▶ _WHAT YOU NEED TO DO_: Leaving the pictures out, print the lines from the first line of the listing through the line containing "WJT 13 Juni 2025", exactly as they read, and no others.

▶ _GIVEN INFORMATION_:
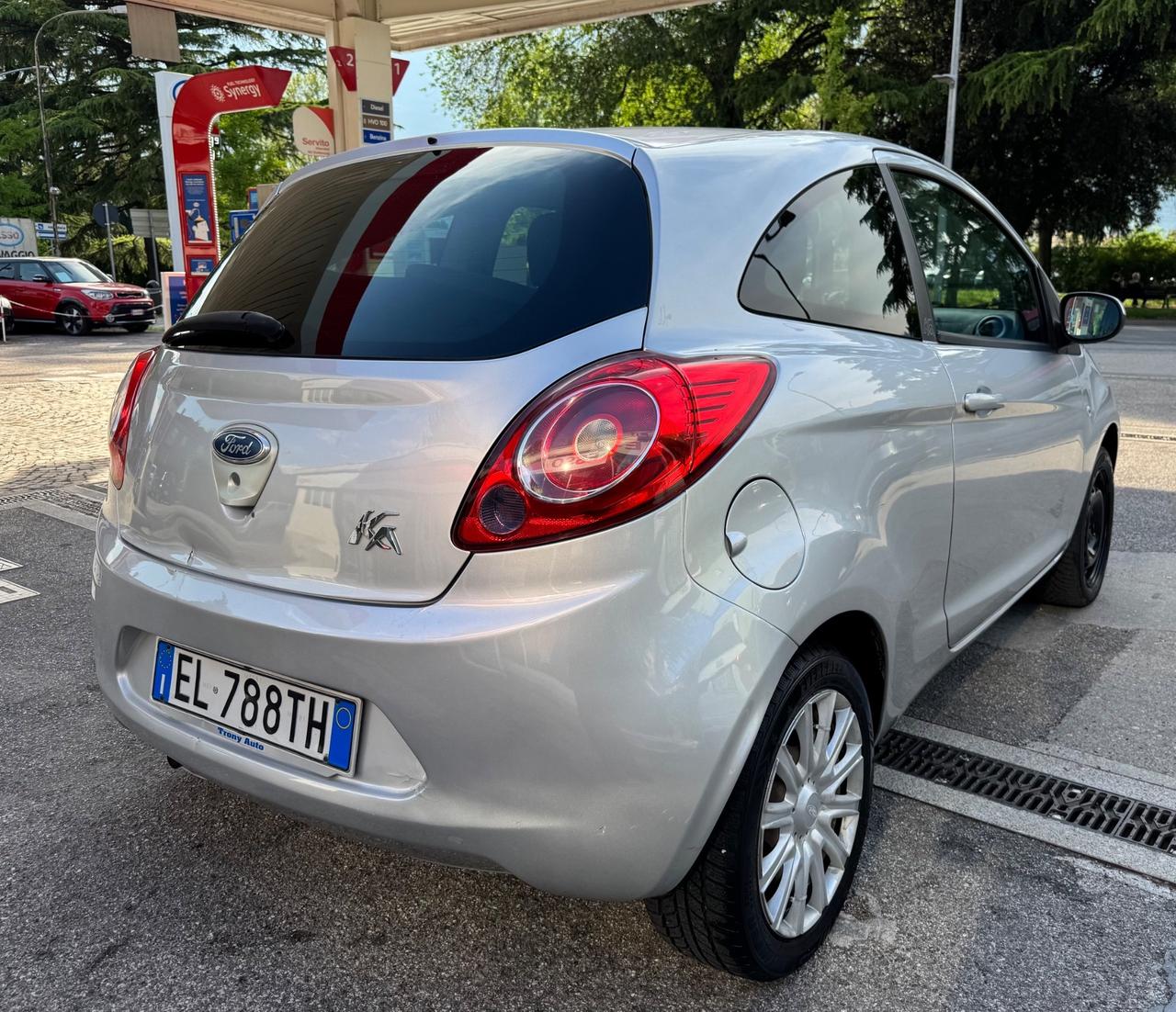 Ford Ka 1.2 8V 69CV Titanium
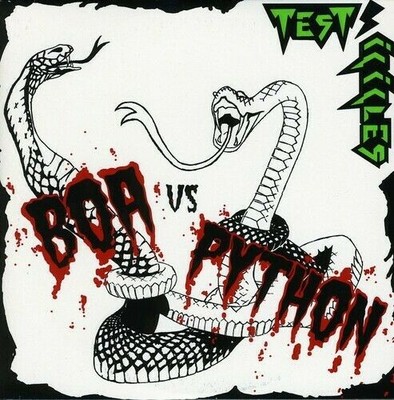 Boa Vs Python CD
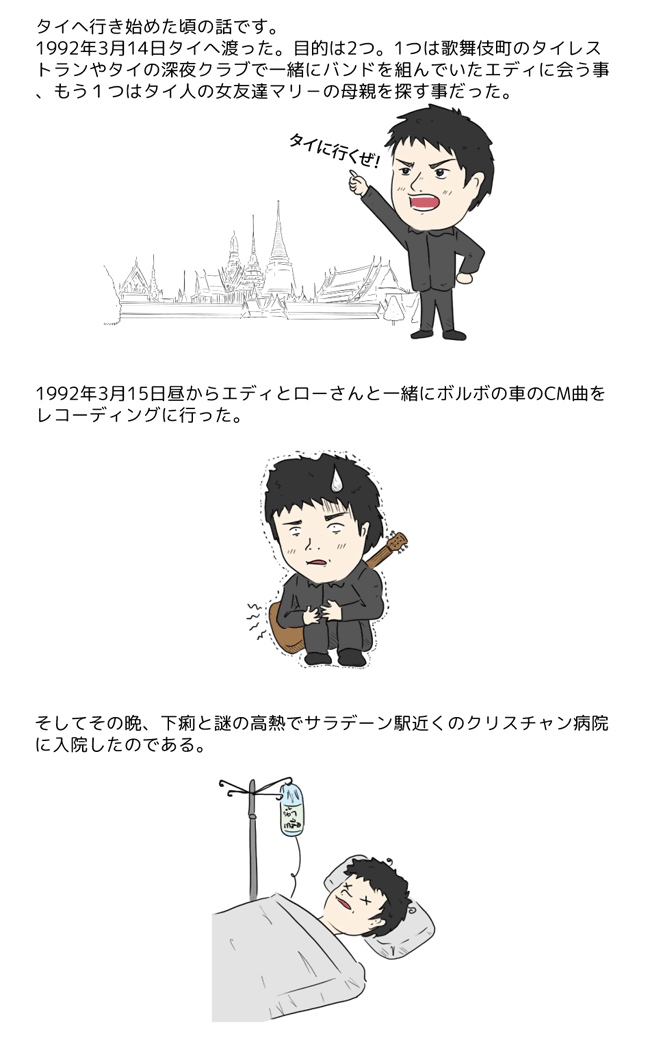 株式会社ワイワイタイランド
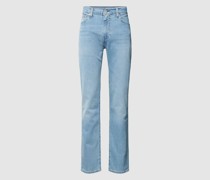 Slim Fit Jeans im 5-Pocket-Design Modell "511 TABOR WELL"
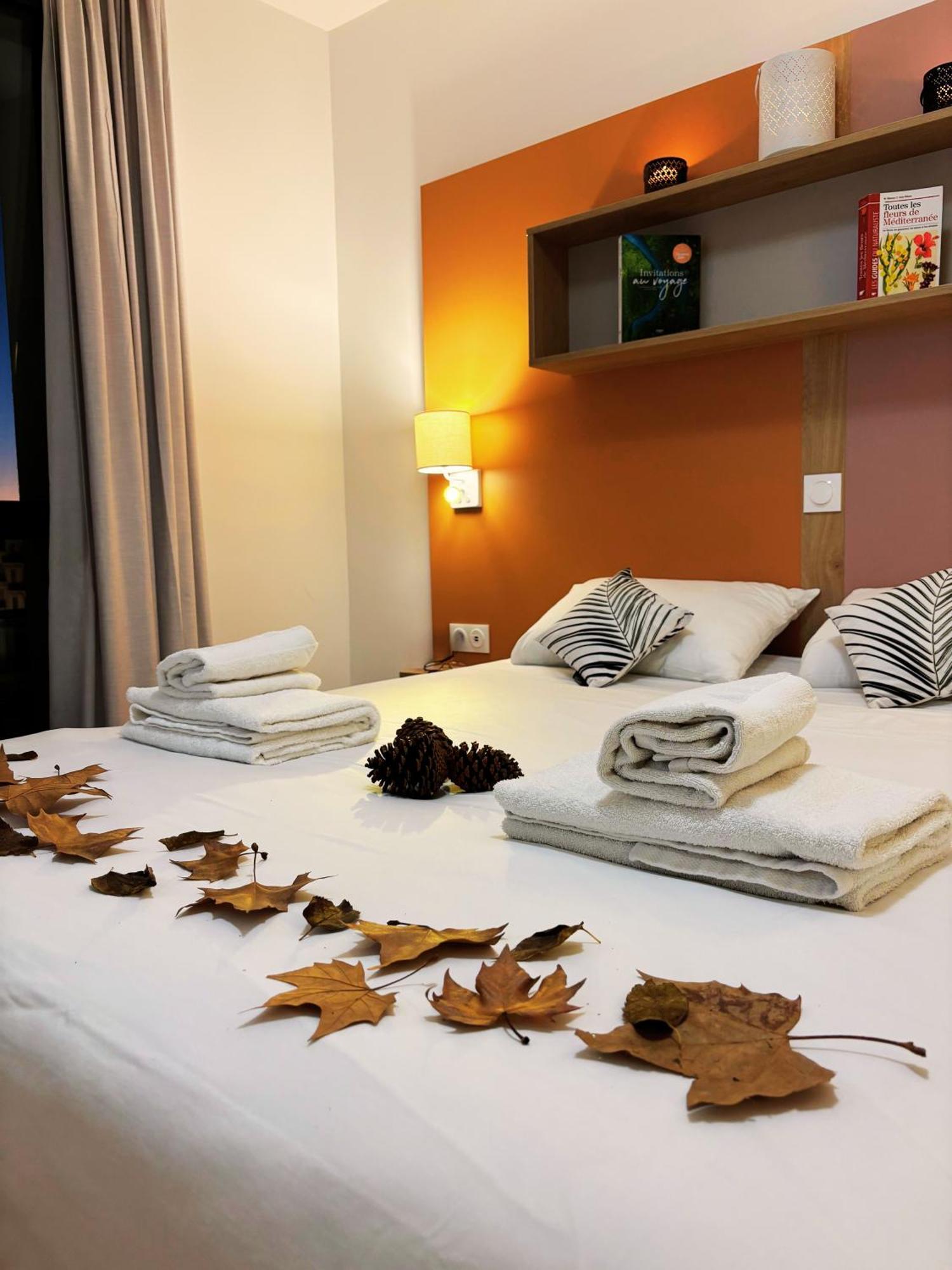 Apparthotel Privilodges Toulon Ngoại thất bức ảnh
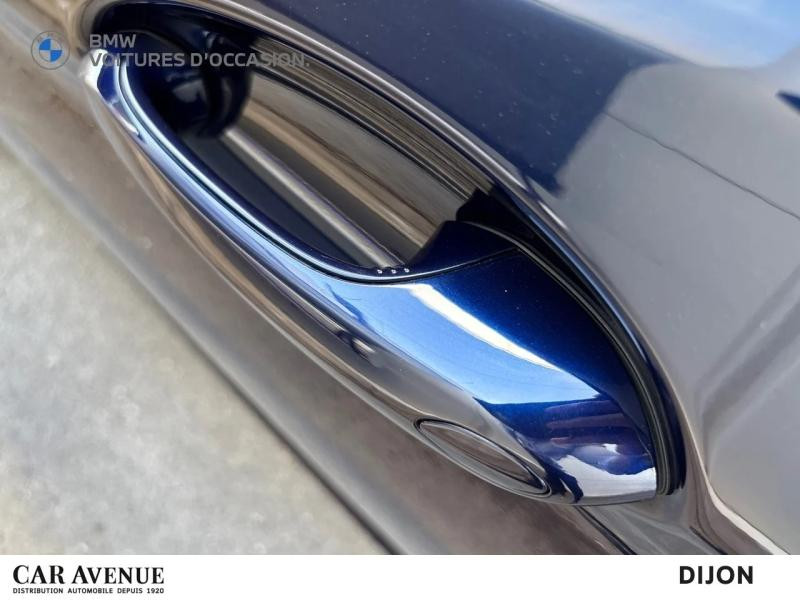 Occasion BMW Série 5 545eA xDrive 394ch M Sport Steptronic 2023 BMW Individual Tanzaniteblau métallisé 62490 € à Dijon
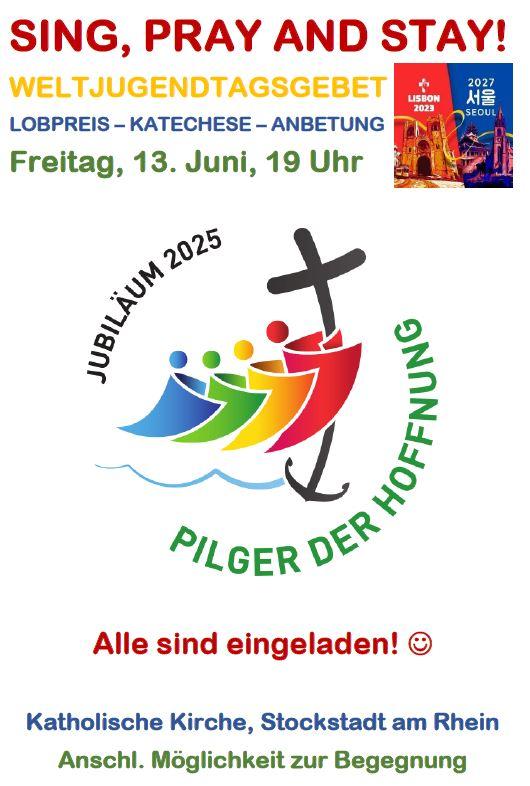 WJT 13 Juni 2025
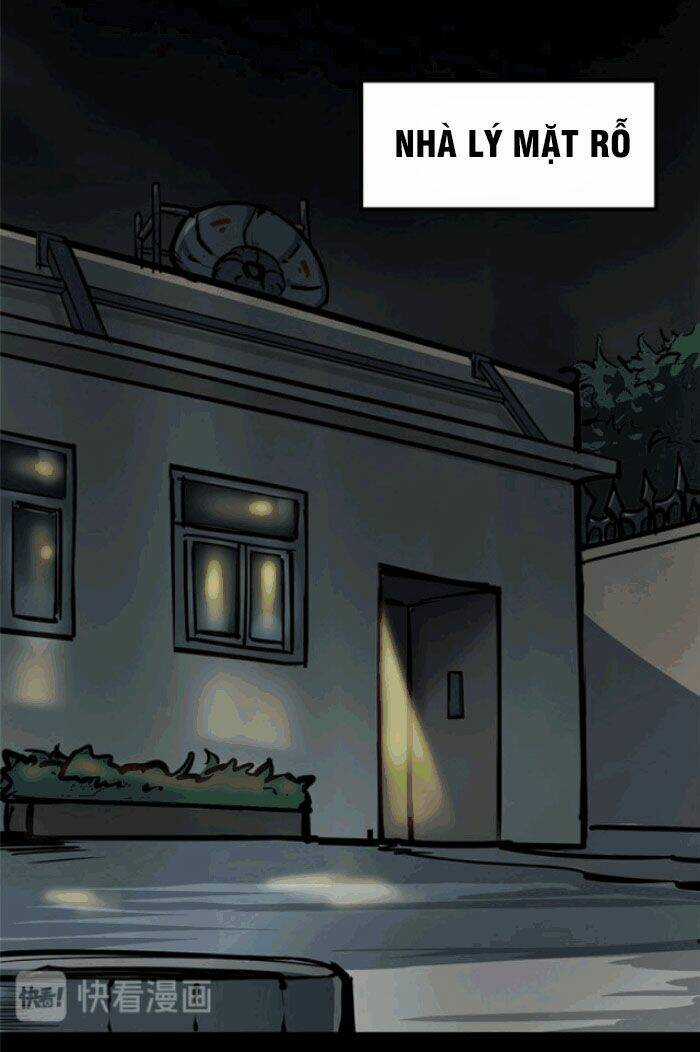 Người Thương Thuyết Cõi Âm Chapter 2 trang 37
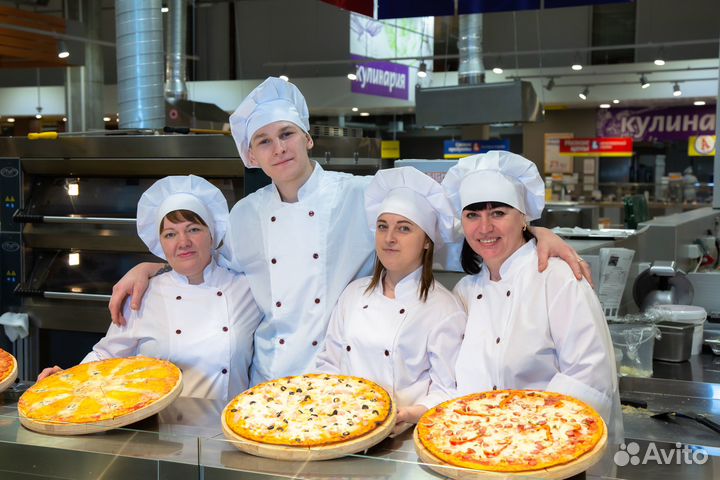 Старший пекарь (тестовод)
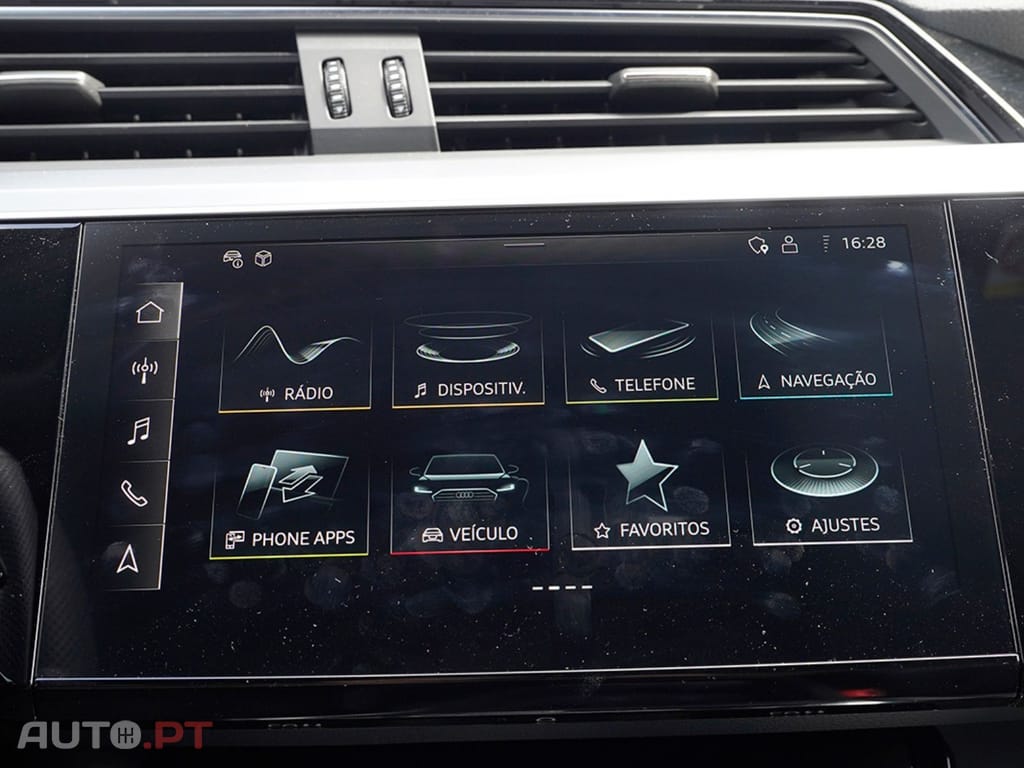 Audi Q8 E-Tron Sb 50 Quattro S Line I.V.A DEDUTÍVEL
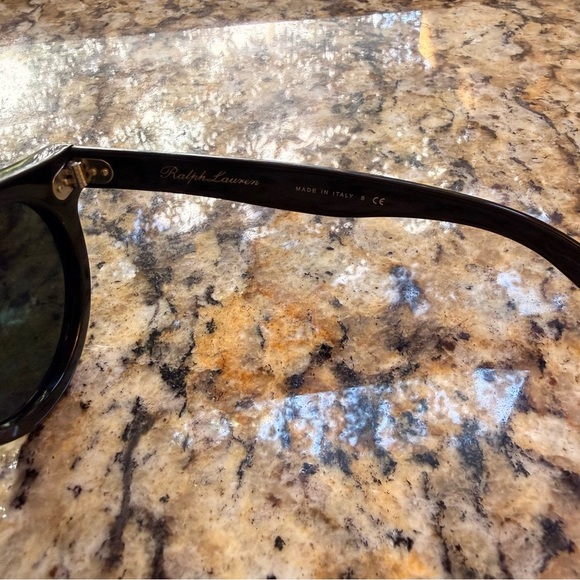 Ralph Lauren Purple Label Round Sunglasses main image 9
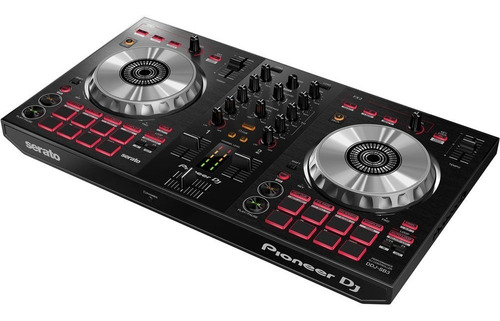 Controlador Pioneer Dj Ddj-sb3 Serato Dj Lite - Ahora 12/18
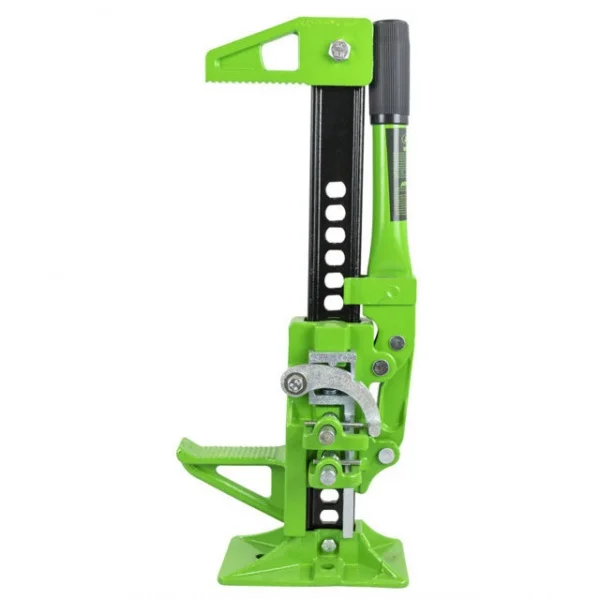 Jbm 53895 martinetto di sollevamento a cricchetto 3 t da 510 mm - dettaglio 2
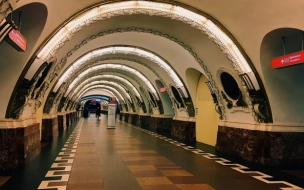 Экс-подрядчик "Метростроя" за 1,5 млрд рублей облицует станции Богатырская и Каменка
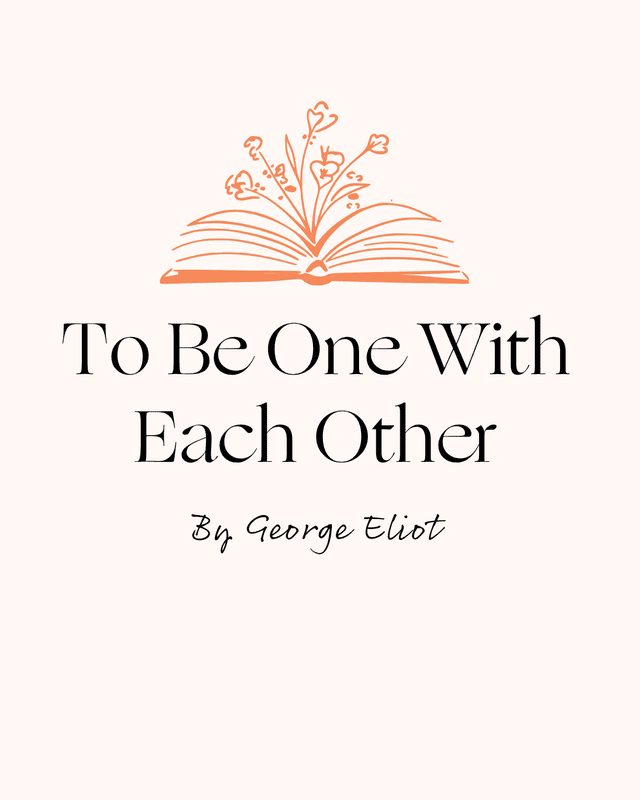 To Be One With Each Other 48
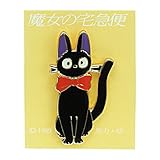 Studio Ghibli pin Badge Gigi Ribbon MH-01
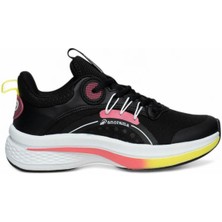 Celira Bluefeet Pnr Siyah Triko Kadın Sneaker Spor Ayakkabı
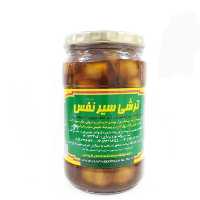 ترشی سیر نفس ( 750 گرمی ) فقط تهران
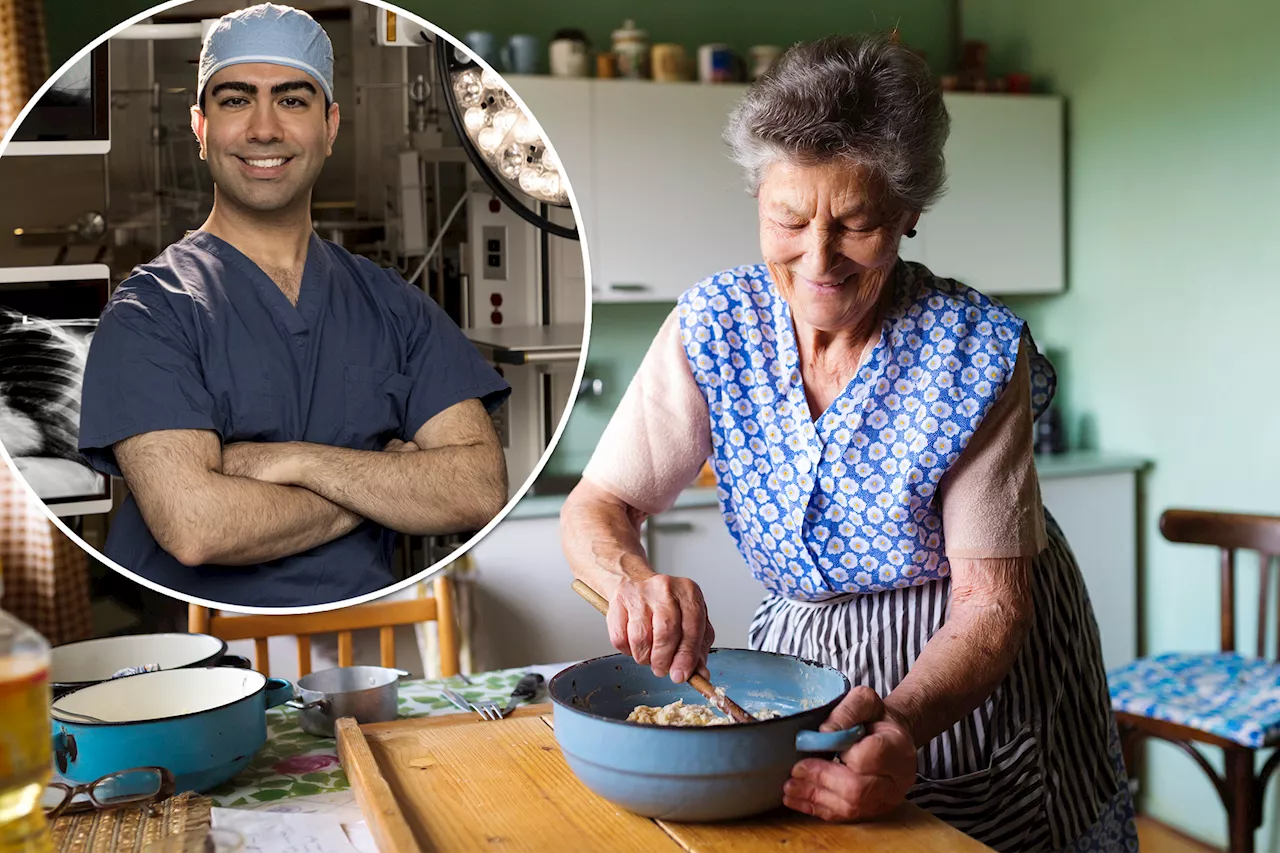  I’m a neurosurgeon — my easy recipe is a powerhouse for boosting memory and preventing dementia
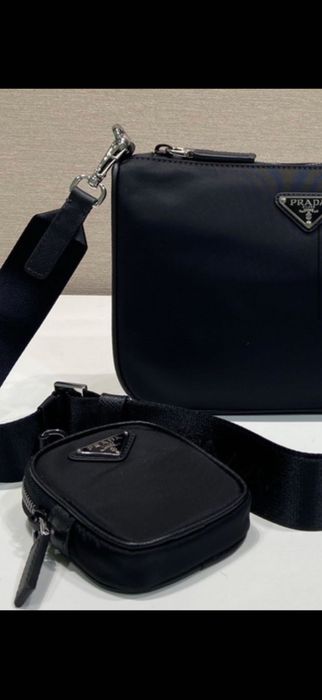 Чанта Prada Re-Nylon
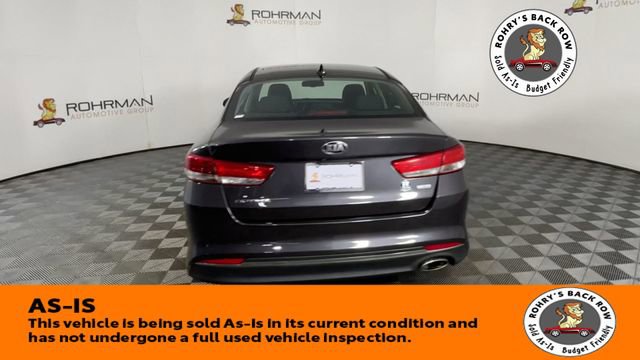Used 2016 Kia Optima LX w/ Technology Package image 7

▶ _RESPONSE TO THE TASK_:
 Ford Ka 1.2 8V 69CV Titanium
 Boa Vs Python CD
 株式会社ワイワイタイランド
 Slim Fit Jeans im 5-Pocket-Design Modell "511 TABOR WELL"
 Apparthotel Privilodges Toulon Ngoại thất bức ảnh
 Occasion BMW Série 5 545eA xDrive 394ch M Sport Steptronic 2023 BMW Individual Tanzaniteblau métallisé 62490 € à Dijon
 WJT 13 Juni 2025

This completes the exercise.